Imagine my surprise to be greeted one recent morning with a set of trails replete with ponderosa pines and aspen stands, challenging hill climbs up to 8,800 feet, just enough verdant meadows to break up the forest hegemony and enough trail options to let you run long or short.
Flagstaff’s trail running community has put its stamp of approval, as it were, on Nordic Village as a legitimate running venue. The aptly-named “Gaspin’ in the Aspen 15K” draws hundreds each August, and ultrarunning impresario Ian Torrance earlier in the summer launched the inaugural Parhelic Circle 6-, 12- and 24-hour endurance run on hamster-wheel loops of the village.

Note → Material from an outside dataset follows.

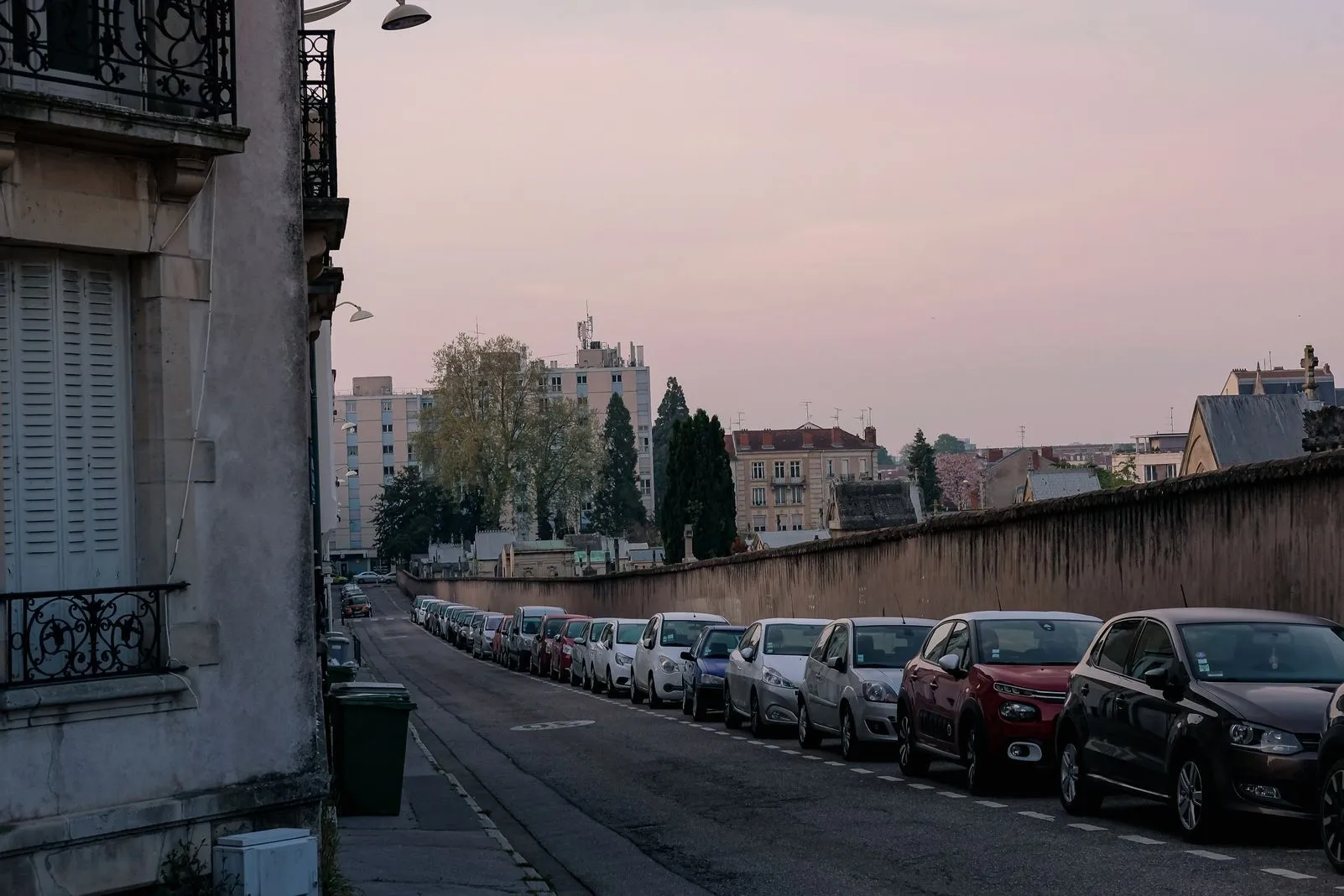 Cars parked along a street at dusk under a pink-tinted sky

Consider Nordic Village, then, a sort of “Choose Your Own Adventure” experience, with up to 16 miles of trails to wander down, some as short at 0.3 of a mile, others as long as 4 miles. Some are well-groomed fire roads; others single- or double-tracks; some so faint as to be unrecognizable without the omnipresent directional signs to lead you.
About those signs: They can be a little overwhelming. At the main trailhead, by the office, arrows point every which way to trails and the yurts that dot the meadows. Look at trail names right next to the parking lot, and it seems as if the Basalt, Look and Babbitt trails all go in the same direction. Wait, and there’s the Dog Trail sign nearby, and one for the Black Bear Trail, too. And one more: for the Cinder Trail on the left.
A guy can become paralyzed by a surfeit of choices.
Do not fret. All is revealed on a detailed, color-coded U.S. Forest Service map nailed to nearly every directional post at major junctions. My suggestion: Take a smartphone snapshot of it and carry it along. But, if you are an ascetic and eschew technology, the signs pop up enough along the way to keep you from getting lost.
The trails are divided into “ski only,” “multi-use” and “ski, snowshoe and dog trails,” with the mileage for each labeled.
On this day, I was looking to run about 8 miles with a few significant climbs to break the monotony.
So I charted this course:
• Head south (parallel the parking lot) on the wide Babbitt Trail, which gradually curves east and climbs for a little more than 2 miles.
• Turn right to the Goshawks Trail, a 1.6-mile uphill and downhill trek on mostly doubletrack with decent footing.
• Turn right at a junction onto the Thunder Trail, which is mostly downhill and loops around after passing several side trails that either add or subtract mileage but eventually get you to the same point.
• At the junction featuring no less than six directional signs, turn right on the Babbitt Trail and follow it slightly less than a mile back to the lodge and the main trailhead.
Do not be distracted by the many offshoot trails. On the first section of the Babbitt Trail alone, there are five. One such trail, Wapiti, just looks like a faint outline in the grassy meadow between the pines, but eventually it becomes a “real” trail that meanders more than two miles and dead ends at two yurts.
Those seeking shade and mini-forests of ponderosa and aspen will enjoy the Goshawk and Thunder trails. Actually, the Thunder provides a little of everything: big trees, verdant meadows, both uphill and downhill and a slog through the faintest of trails thankfully delineated by tiny blue ribbons to show the way.
It’s only at the start of the Babbitt Trail and the middle part of the Thunder Trail that you can hear the traffic roar by on Highway 180, a pet peeve for those seeking the illusion of solitude. The rest of the trip seems secluded. In fact, on a Sunday morning, I saw nary a soul on the trails, even though there were several camping groups nearby.
So, after this pleasant sojourn, I’m rethinking my view of cross-country ski resorts in the dry months. It makes sense to put the trails to use before the snow comes and transforms the area once more into a winter wonderland.